Rhonda Barlow, The Adams Papers
Unlike the Harvard-educated men in her family, Abigail Adams did not spend years of her life learning Latin. When John Adams wrote to her and used Latin phrases, he often included the English translation. Once, after quoting several lines of the Roman poet Horace, he advised her to have John Quincy translate it for her. Yet in 1796, when it was unclear who would succeed George Washington as president, Abigail declared, “Aut Ceasar aut Nullus, is my Motto tho I am not used to quote lattin or spell it.”

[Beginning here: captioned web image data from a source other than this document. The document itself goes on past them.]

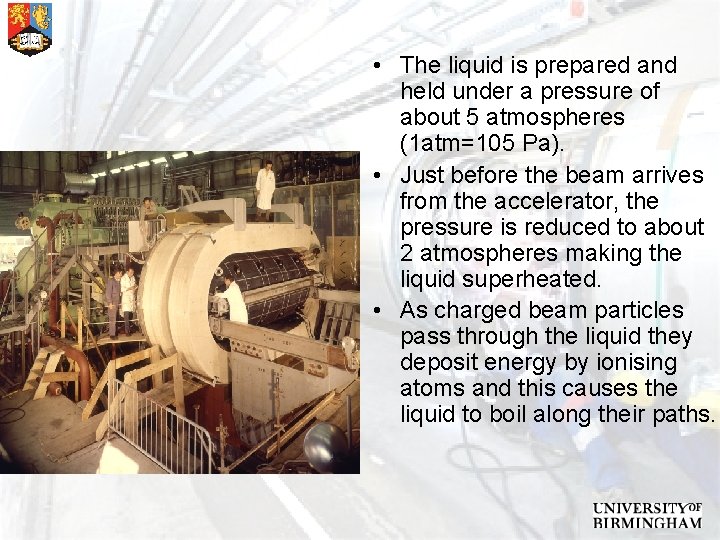  • The liquid is prepared and held under a pressure of about 5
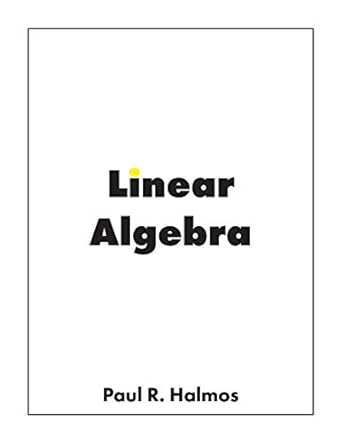 linear algebra 1st edition paul r. halmos 1950217043, 978-1950217045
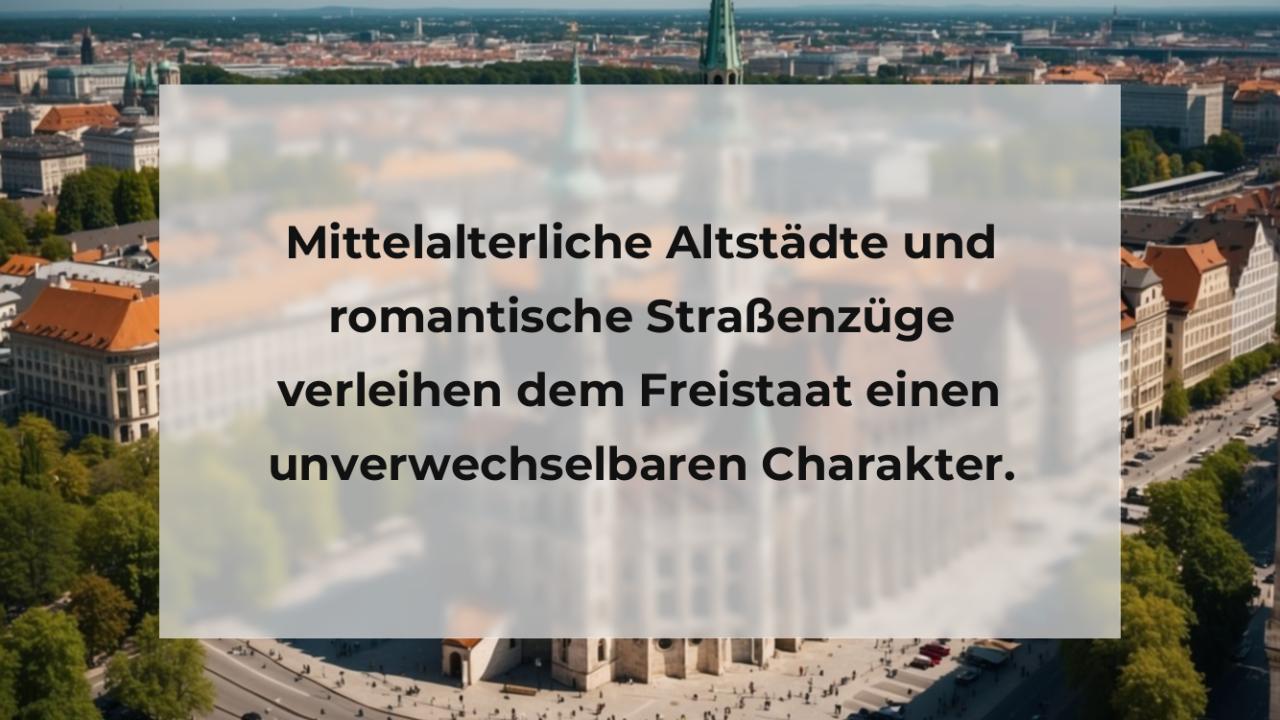 Mittelalterliche Altstädte und romantische Straßenzüge verleihen dem Freistaat einen unverwechselbaren Charakter.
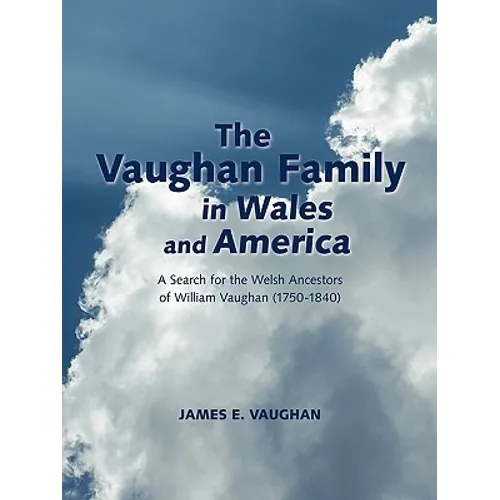The Vaughan Family in Wales and America: A Search for the Welsh Ancestors of William Vaughan (1750-1840) - Paperback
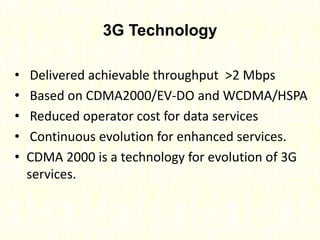 3G Technology
• Delivered achievable throughput >2 Mbps
• Based on CDMA2000/EV-DO and WCDMA/HSPA
• Reduced operator cost for data services
• Continuous evolution for enhanced services.
• CDMA 2000 is a technology for evolution of 3G
services.
 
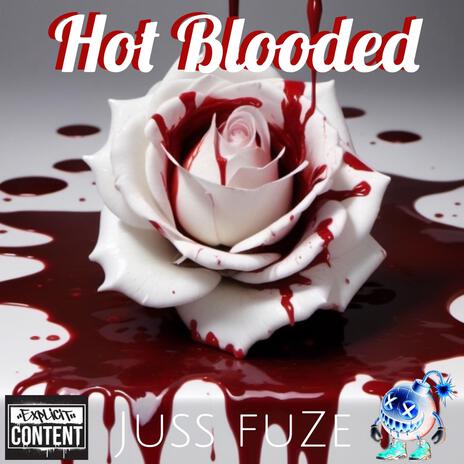 Hot Blooded | Boomplay Music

“Either Caesar or nobody.” Abigail’s long correspondence provides clues to how and why she developed this motto. When Abigail read Plutarch’s Lives, the descriptions of the “tyranny, cruelty, devastation and horrour” of the Roman emperors gave her nightmares. She observed that just as Satan “had rather Reign in Hell than serve in Heaven,” Julius Caesar would “rather be the first man in a village than the second in Rome.” She remarked that “to be the first in a village, is, preferable to the second in Rome and, is one of the first Maxims in the Catalogue of Ambition.”
When Abigail opened a 20 Jan. 1796 letter from John and read that George Washington would not seek a third term, she wrote back the next day, “My ambition leads me not to be first in Rome,” but “as to holding the office of V P, there I will give my opinion. Resign retire. I would be Second under no Man but Washington.” John also reported on the sectional divisions in Congress, and a possible compromise between “the Southern Gentry” and “the Northern Gentlemen” which would result in Thomas Jefferson becoming president and Adams remaining vice president.

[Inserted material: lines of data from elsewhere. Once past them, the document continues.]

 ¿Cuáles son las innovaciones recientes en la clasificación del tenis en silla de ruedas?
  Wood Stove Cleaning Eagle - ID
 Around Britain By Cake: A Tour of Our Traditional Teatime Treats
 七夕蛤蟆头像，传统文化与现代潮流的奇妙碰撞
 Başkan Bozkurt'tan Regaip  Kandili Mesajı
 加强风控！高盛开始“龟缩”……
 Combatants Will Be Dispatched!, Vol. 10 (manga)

But Abigail was having none of it. Writing to John on 14 Feb. 1796, she declared: “The Southern Gentlemen think I believe that the Northern Gentleman are fools, but the Nothern know that they are so, if they can believe that Such bare faced Dupery will succeed.” As long as Washington was president and Martha Washington first lady, she “had no desire for the first,” but if the Washingtons sought retirement, then, “Aut Ceasar aut Nullus, is my Motto tho I am not used to quote lattin or spell it.”

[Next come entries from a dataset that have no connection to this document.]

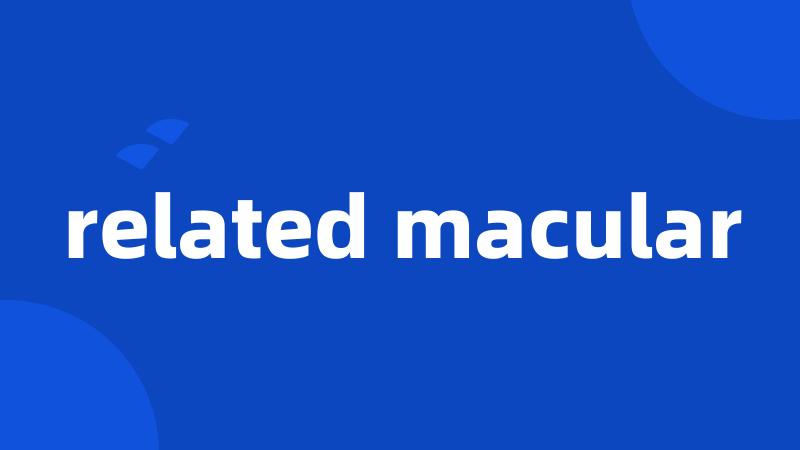 related macular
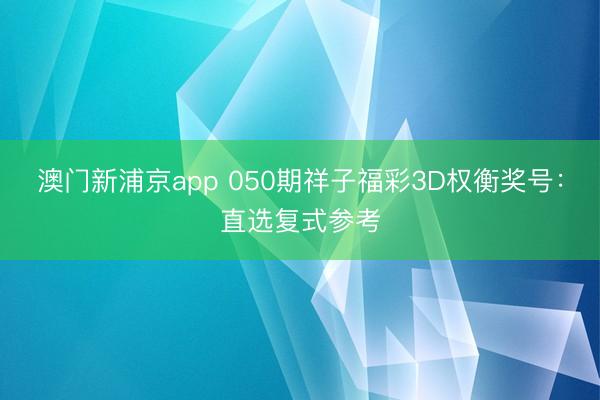 澳门新浦京app 050期祥子福彩3D权衡奖号:直选复式参考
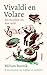 Vivaldi en Volare: Een muzi...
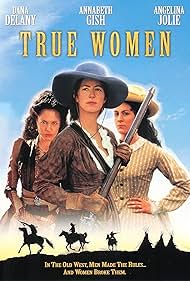 Dana Delany, Annabeth Gish, and Angelina Jolie in True Women (1997)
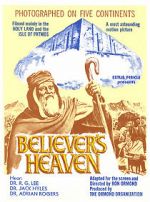 Watch The Believer\'s Heaven 0123movies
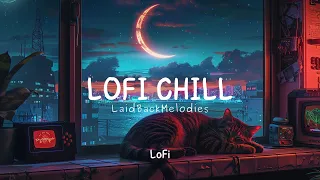 Chill Vibes: Relax and Unwind with Lofi Beats 🌿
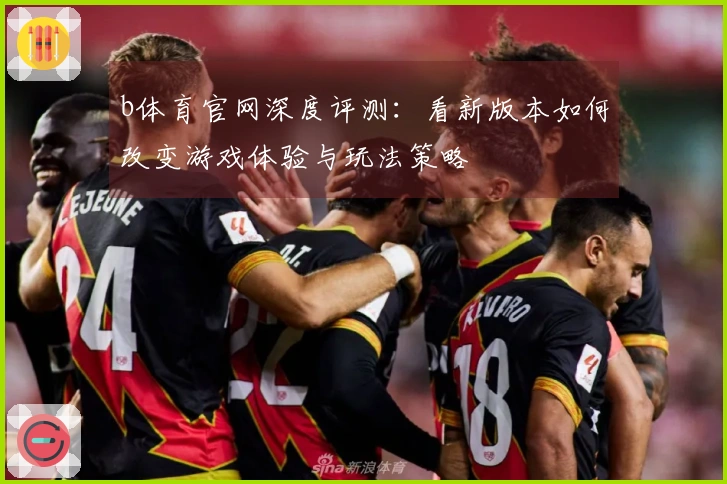 b体育官网深度评测：看新版本如何改变游戏体验与玩法策略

John responded with a Latin motto of his own on 1 March 1796: “I am quite at my Ease— I never felt less Aniety when any considerable Change lay before me. aut transit aut finit— I transmigrate or come to an End. The Question is between living at Phila. or at Quincy. between great Cares and Small Cares.” John’s stoical acceptance of his fate belied his own ambition.
Aut Ceasar aut Nullus: Abigail issued her challenge to Congress and the nation. John won the election, and she became the first woman in Rome.